Питер демонстративно фыркает еще раз, на этот раз в ответ на прозвучавший в голосе Стайлза сарказм, и медлит несколько секунд, давая подошедшему к двери лофта Дереку замереть, прислушиваясь к последнему вопросу Стайлза.
– Я не против того, что ты уже месяц спишь в его постели, думаешь, что меня можно чем-то удивить?
– Благослови Луна твои широкие взгляды, волчище! – Стайлз негромко смеется, наклоняясь к оборотню, коротко целуя в переносицу – Питера всегда обескураживала эта ласка, сбивала весь ехидный настрой. Так и сейчас он еле сдерживает широкую улыбку, ограничиваясь чуть приподнятым уголком губ.
Дерек с грохотом и разливающимся в воздухе ревнивым раздражением открывает железную дверь лофта.
– Я пошел, – Стайлз срывается в сторону лестницы, избегая встречаться с Хмуроволком и выяснять причины его явно не жизнерадостного настроения.
Дерек на дядю смотрит с нескрываемым раздражением несколько долгих минут. Питер привык к этому взгляду – он достаточно часто появлялся в лофте племянника, а этот взгляд давно уже стал своеобразным приветствием.
От предложения пойти выпить Дерек дергается, как от пощечины.
– Какого черта здесь происходит? – Дерек неприязненно кривится, принюхиваясь. – Что ты тут делаешь?
– Стайлза жду, – просто роняет Питер, откровенно растягивая разговор, давая Стайлзу время и давая Дереку дозреть.
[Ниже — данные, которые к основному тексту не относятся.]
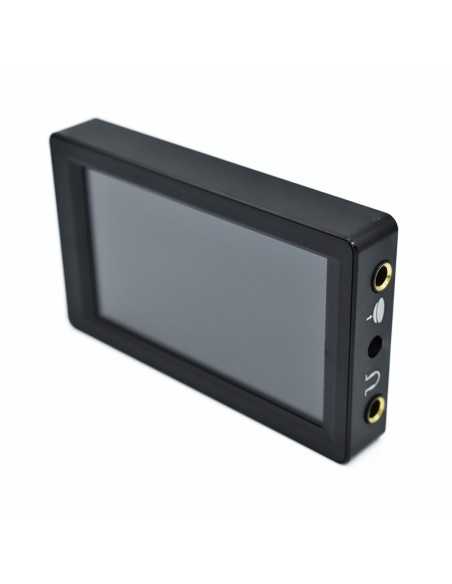 Fuente de Alimentación Premium Cosmos 3A para tatuar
– Насколько я знаю, он здесь снова проторчит до утра, – Дерек скрещивает руки на груди, исподлобья глядя на дядю. – Собираешься всю ночь здесь провести?
– Зачем же? – Питер беззаботно пожимает плечами, слегка улыбаясь. – Твоему волчонку, – Питер совершенно игнорирует лазурные искры, вспыхнувшие в зеленых глазах племянника, – просто нужно расслабиться. Старым добрым способом. Поверь, Стайлз в этом профи, – Питер мечтательно урчит, слегка закатывая глаза. – Талант.
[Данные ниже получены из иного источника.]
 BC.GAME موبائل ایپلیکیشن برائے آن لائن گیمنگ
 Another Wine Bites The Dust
Дерек давится рыком, глядя на дядю, а Питер про себя тихо радуется своей репутации законченного извращенца.
– Если поможет, – Питер с ленцой улыбается, – и если обоим понравится, думаю, нет препятствий, чтобы продолжать эту своеобразную… терапию. Куда меньше времени и сил отнимает, в сравнении с целой ночью рядом с беснующимся оборотнем. И удовольствия больше.
Последней фразы Дерек откровенно не выдерживает, и, коротко рыкнув на дядю, уходит к лестнице, оставляя Питера прислушиваться к происходящему на втором этаже.
Тронуть Стайлза Дерек не посмеет, разве что нарычит – но к этому Стайлз привычен.
Стилински, недовольно ворча, спускается через несколько минут – притихший, непонимающе хмурящийся,– и сходу впечатывается лицом в грудь поднявшегося ему навстречу Питера.
– Что случилось, малыш? – никаких скандальных криков со второго этажа не доносилось, вообще почти никаких слов, поэтому представить произошедшее там, наверху, Питеру было сложновато.
– Это ведь не какой-то оборотнический афродизиак был? – бормочет Стайлз от которого веет откровенным, почти шокированным изумлением.
– Нет, – честно отвечает Хейл, бережно обнимая своего человека за плечи. – Просто массажный крем. Хороший.
– Ты меня использовал, – вздыхает Стайлз, укоризненно качая головой.
– Может, немного, – Питер целует Стайлза в макушку. – Что случилось?
– Ну, скажем так, я невольно стал свидетелем начала очень откровенной сцены… – Стайлз слабо хмурится, вспоминая Дерека, прижимающего вышедшего из душа Айзека к стене его спальни, жадно, собственнически забирающегося ладонями под прикрывающее бедра волчонка полотенце. – И Дерек на меня нарычал, – жалуется, ткнув Питера локтем под ребра. – Не очень внятно, но общий смысл “вали отсюда” я понял. Из-за тебя всё.
– Наверное, мне стоит попытаться загладить свою вину, – Питер настойчиво подталкивает Стайлза к выходу из лофта, понимая, что скоро стоны Айзека окажутся доступными и человеческому слуху.
– Да уж это точно, – Стайлз замирает, мотая головой, когда слышит два довольных рыка со второго этажа. – Да. И мороженое с молочным коктейлем – это только начало.
– Как скажешь, – Питер целует Стайлза в висок, коротко хмыкая. – Мороженое и молочный коктейль с собой?
– Не тупи, волчара. Ты же не думаешь, что я собираюсь потратить с таким трудом освобожденный вечер на Макдональдс? Конечно, с собой.